Doch meint Lermontow sein ganzes Werk ironisch? Wo ist dann der Held, wenn wir doch nur einen Un-Helden finden?

Betrachtet man Petschorin von einer anderen Seite, so kann man festhalten, dass er eigentlich doch moralisch gefestigt ist. Er strotzt vor Mut, ist intelligent, übernimmt Verantwortung, ist tollkühn und ritterlich. Aber warum wirkt er nicht als Held, wenn er doch alle Eigenschaften eines Helden in sich vereint?

Sein Zynismus entspringt der Perversion seiner Zeitgenossen. Der Durchschnittsmensch achtet nicht mehr auf Moral, Tugend kehrt sich in Untugend, die gesellschaftliche Norm besteht aus Betrug, Heuchelei, Geltungsmacht und Dekadenz.
Idealismus, was einen Helden ausmacht, hat seinen Platz in der Gesellschaft verloren. Solche Eigenschaften werden verpönt und belächelt. Und so muss der Held dieser Zeit in bitteren Zynismus verfallen und seinen Charakter verstellen.

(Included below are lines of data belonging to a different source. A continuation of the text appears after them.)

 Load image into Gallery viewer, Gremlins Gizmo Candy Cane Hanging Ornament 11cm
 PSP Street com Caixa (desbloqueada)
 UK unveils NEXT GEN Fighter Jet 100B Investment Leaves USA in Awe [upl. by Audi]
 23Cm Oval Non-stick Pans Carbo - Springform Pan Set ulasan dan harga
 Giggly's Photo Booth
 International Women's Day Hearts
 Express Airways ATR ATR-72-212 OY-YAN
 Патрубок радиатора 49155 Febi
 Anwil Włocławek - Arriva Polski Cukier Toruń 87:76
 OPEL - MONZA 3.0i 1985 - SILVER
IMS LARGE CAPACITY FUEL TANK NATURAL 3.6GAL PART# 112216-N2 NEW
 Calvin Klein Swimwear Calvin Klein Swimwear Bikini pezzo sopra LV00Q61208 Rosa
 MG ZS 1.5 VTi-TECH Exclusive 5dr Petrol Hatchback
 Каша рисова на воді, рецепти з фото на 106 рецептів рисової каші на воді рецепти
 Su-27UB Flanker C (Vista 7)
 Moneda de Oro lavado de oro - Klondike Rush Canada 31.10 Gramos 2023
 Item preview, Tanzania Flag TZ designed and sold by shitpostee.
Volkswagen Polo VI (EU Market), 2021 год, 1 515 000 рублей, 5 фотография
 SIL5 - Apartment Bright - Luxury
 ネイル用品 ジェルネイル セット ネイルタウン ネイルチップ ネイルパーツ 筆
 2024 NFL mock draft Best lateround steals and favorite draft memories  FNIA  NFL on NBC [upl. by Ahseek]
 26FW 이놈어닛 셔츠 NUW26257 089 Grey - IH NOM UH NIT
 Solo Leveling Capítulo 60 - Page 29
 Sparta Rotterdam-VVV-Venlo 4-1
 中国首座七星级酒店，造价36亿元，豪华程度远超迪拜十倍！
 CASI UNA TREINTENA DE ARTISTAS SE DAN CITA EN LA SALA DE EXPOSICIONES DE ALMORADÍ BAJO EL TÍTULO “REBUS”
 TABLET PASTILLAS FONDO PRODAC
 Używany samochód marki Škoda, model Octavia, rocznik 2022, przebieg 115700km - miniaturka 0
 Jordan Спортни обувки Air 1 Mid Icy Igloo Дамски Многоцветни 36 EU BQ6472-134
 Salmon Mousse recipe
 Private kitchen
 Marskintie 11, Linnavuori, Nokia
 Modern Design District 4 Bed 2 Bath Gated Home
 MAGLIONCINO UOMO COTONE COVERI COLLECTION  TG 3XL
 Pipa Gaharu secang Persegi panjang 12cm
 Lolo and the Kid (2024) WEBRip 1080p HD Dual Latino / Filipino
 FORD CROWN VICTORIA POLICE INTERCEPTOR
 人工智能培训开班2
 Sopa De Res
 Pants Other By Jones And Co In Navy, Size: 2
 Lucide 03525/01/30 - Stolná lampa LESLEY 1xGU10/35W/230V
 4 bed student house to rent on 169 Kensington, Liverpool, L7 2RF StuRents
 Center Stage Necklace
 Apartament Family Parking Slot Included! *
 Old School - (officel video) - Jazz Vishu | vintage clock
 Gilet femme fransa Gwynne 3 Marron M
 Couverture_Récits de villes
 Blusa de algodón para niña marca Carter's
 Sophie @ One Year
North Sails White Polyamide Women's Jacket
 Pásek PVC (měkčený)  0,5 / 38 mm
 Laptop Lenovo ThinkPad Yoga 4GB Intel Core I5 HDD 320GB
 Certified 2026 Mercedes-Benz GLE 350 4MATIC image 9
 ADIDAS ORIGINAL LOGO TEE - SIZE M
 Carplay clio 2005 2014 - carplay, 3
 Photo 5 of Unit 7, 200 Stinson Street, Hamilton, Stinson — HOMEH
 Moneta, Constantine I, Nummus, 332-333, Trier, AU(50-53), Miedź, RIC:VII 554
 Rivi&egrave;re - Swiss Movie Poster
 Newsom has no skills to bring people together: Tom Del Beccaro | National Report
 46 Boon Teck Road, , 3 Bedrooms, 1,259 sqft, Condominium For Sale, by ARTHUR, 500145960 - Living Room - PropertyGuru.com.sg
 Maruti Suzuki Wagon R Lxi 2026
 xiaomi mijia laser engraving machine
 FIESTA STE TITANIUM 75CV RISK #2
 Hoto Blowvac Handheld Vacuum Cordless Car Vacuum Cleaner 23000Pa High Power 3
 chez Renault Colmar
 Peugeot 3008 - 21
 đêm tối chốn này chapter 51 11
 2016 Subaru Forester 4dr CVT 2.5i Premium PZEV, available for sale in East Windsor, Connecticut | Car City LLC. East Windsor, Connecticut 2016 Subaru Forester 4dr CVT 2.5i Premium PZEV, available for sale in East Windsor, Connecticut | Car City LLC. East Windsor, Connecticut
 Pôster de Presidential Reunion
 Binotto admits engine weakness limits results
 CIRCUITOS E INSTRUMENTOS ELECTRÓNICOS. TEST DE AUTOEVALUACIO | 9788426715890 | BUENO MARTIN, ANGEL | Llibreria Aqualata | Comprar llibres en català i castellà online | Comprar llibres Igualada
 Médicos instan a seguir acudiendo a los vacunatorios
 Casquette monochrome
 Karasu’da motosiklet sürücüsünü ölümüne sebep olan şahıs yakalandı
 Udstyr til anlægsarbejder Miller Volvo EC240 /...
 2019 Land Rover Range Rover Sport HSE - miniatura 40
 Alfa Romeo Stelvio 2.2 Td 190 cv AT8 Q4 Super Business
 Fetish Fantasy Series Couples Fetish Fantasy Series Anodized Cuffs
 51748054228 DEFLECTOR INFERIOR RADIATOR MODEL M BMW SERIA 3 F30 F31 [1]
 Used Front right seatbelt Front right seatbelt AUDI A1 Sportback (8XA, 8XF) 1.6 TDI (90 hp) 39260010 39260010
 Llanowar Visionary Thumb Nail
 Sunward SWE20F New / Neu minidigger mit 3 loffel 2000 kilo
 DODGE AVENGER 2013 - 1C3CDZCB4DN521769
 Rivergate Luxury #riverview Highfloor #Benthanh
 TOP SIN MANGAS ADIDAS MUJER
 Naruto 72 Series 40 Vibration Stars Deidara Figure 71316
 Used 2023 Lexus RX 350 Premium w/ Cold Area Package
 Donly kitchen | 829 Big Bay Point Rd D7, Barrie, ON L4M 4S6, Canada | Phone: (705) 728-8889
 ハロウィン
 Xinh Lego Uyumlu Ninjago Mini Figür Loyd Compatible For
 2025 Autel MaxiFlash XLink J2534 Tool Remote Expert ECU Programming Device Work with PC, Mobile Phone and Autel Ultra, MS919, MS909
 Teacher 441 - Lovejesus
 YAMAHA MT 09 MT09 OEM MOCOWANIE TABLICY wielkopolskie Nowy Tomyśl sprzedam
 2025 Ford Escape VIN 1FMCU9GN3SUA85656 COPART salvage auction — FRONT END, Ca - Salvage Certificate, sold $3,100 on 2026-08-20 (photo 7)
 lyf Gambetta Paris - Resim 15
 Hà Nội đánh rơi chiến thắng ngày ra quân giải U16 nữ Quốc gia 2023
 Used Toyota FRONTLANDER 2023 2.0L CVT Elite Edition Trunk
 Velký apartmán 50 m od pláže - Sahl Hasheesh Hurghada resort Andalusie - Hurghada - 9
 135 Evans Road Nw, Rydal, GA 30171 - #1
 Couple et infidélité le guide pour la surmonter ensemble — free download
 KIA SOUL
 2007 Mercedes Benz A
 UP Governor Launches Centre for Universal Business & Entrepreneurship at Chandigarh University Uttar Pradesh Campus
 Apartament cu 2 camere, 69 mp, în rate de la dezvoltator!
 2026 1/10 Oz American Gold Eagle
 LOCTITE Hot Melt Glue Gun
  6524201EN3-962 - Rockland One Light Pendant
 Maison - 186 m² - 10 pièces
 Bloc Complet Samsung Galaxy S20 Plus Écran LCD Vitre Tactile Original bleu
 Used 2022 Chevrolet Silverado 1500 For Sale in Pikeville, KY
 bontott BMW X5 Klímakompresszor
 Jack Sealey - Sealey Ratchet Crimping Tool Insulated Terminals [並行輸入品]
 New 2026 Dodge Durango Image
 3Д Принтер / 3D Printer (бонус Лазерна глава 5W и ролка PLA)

Diesen Überdruss und die dekadente Langeweile findet man auch heute in unserer Gesellschaft. Auch wir leben in einer Zeit des Mittelmaßes, zu hohe Ansprüche an die menschliche Moral sollte man nicht mehr stellen, aber so ganz ohne Fass und Boden entspricht es auch nicht.

Ob nun Petschorin ein ganzer Held, oder ein ganzer Anti-Held ist, irgendwo in der Mitte werden wir ihn wohl ansiedeln können. Denn nicht alle Menschen im Werk, die diesem Helden begegnen, entsprechen diesem unsittlichen Bild. Petschorin erwidert ihnen allerdings die gleiche Verachtung.

Von der Thematik her gefiel mir dieses Werk ausgezeichnet. Die verschieben Betrachtungsweisen, die einzelnen Geschichten, was für die damalige Zeit ganz neu war, die Komplexität, ja genau das, missfiel mir allerdings am Werk. Es wirkte alles ein wenig zu abrupt und nicht zu ende ausgesprochen.
Im Nachwort wurde von Stendhals „Rot und Schwarz“ berichtet, ein Werk mit der gleichen Thematik, welches ich wohl bald lesen werde.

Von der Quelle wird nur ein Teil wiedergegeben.